A collaborative digital report and exhibition unraveling the state of design today
Year - 2023
Role - Designer
Team
Leo Porto, Felipe Rocha, André Alves, Clarice Garcia, Diva Nassar, Lucas Liedke, Patricia Bortoletti, Natalee Ranii-Dropcho, Claren Walker, Natalia Oledzka, Nathan Fyock, Joseph Lebus, Marek Nedelka, Gabriela Carnabuci, Martín Azambuja, Eyal Chowers, Chae Park, Marcos Rodrigues, Pedro Sanches, Thales Muniz, Bloquo Studios, Annie Carmichael, Samantha Cruz, Nicholas Schröder, Elisa Bortolini, Luciana Thiesen
Reports on design trends multiply by the year, yet most focus on surface-level discussions, from upcoming typefaces to color forecasts. Fewer efforts unpack the context we design in: the social, economic, and emotional realities beneath the surface. A research-based project for and by the creative community, Design Threads attempts to unravel some of those big knots together.
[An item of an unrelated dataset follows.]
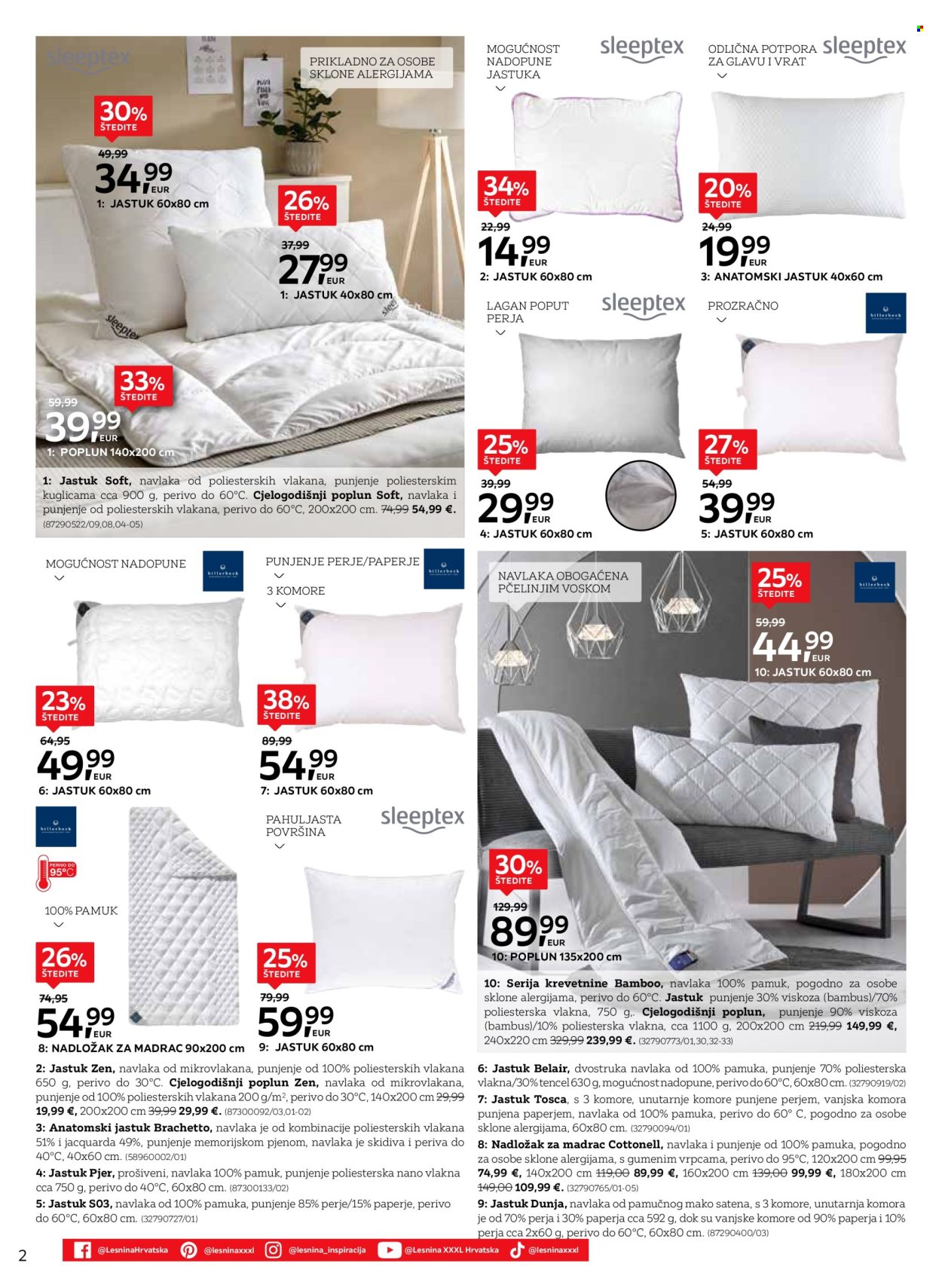 Lesnina katalog - 01.10.2024. - 24.10.2024. Stranica 2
Weaving together research, quotes, insights, visual content and interactive elements, the digital report is organized into four different ‘threads.’ Each is centered around a different set of realities that designers face today: from dismantling Eurocentric design standards to the moodboard effect, infographic activism to AI-insecurity.
Instead of providing answers, the report brings a series of urgent questions to the surface: What is good design? Who gets to decide? How are designers feeling right now? Are we tasked with too much? Are we doing enough? How is our role changing? Where does design go from here?
Installed at the Wix Playground across from The Whitney in Manhattan, the Design Threads exhibition brought the insights from the report to a wider public. Making space for new dialogue, the work encouraged viewers to engage with design in a different way — not only in visual terms, but in the context of our shared atmosphere.
Whether calling out the inequities of the design world or praising the democratizing power of Dall-E — we found that people wanted to talk (about more than Pantones or font preferences). Creatives shared what kept them up at night and the real problems they couldn’t design themselves out of. We learned that if you make space for people to share, they will do so honestly, and that taking our collective temperature could be a necessary step to understanding what it means to design today. While this is our first attempt, if the goal is to unravel the state of design the task doesn’t end here — it’s for all of us to make spaces of our own.